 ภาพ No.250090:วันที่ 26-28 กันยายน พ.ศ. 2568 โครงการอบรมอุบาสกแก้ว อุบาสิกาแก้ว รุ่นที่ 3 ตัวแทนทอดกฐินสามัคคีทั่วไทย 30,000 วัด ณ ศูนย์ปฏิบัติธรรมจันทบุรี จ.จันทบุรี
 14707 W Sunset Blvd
════════════════
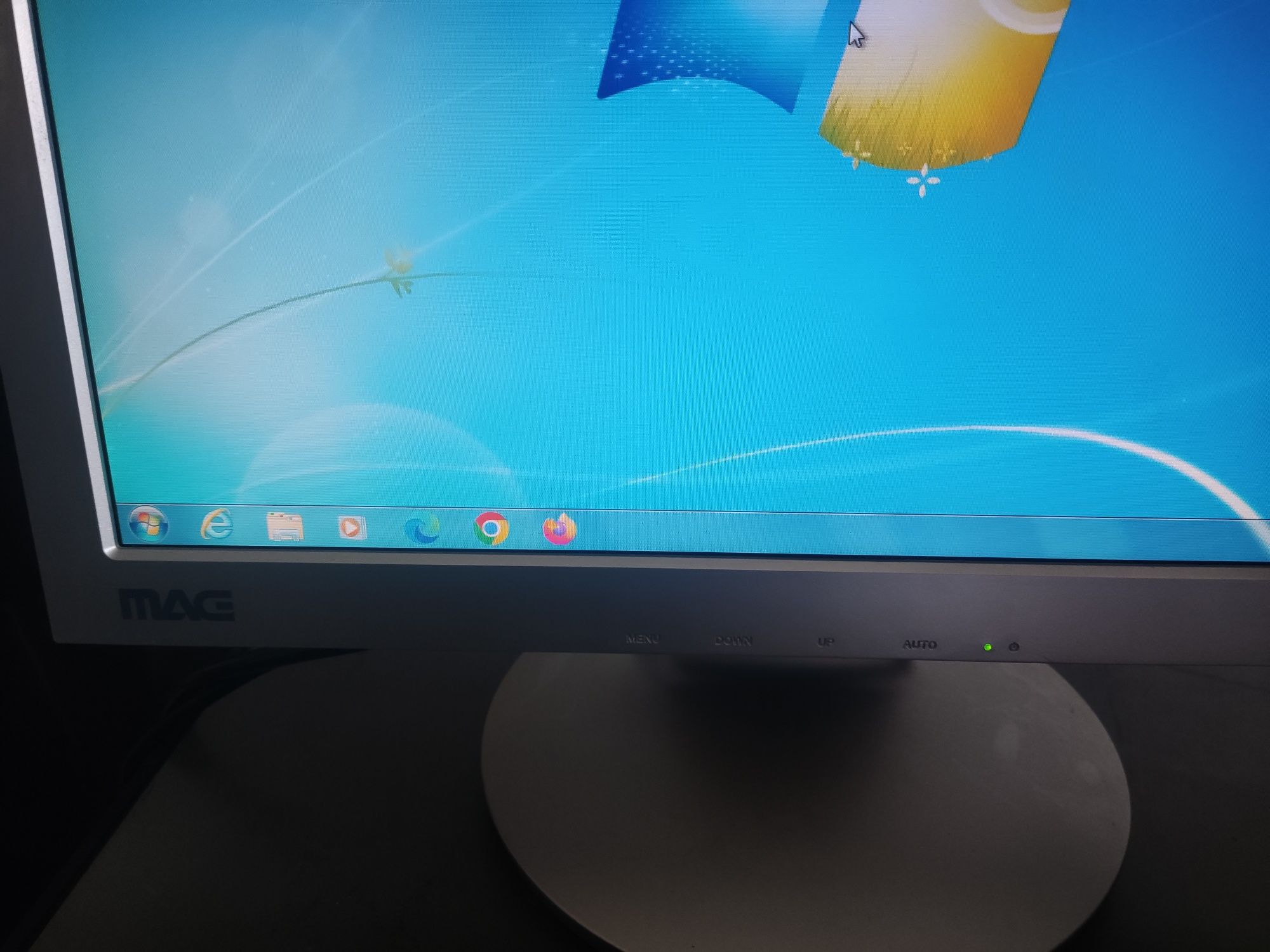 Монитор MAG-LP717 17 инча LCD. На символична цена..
════════════════
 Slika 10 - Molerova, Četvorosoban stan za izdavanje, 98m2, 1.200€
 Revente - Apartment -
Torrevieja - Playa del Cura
════════════════
Taking the material above, extract exactly and only the lines from the line with "ภาพ No.250090:วันที่ 26-28" to the line with "14707 W Sunset Blvd", inclusive of both.

 ภาพ No.250090:วันที่ 26-28 กันยายน พ.ศ. 2568 โครงการอบรมอุบาสกแก้ว อุบาสิกาแก้ว รุ่นที่ 3 ตัวแทนทอดกฐินสามัคคีทั่วไทย 30,000 วัด ณ ศูนย์ปฏิบัติธรรมจันทบุรี จ.จันทบุรี
 14707 W Sunset Blvd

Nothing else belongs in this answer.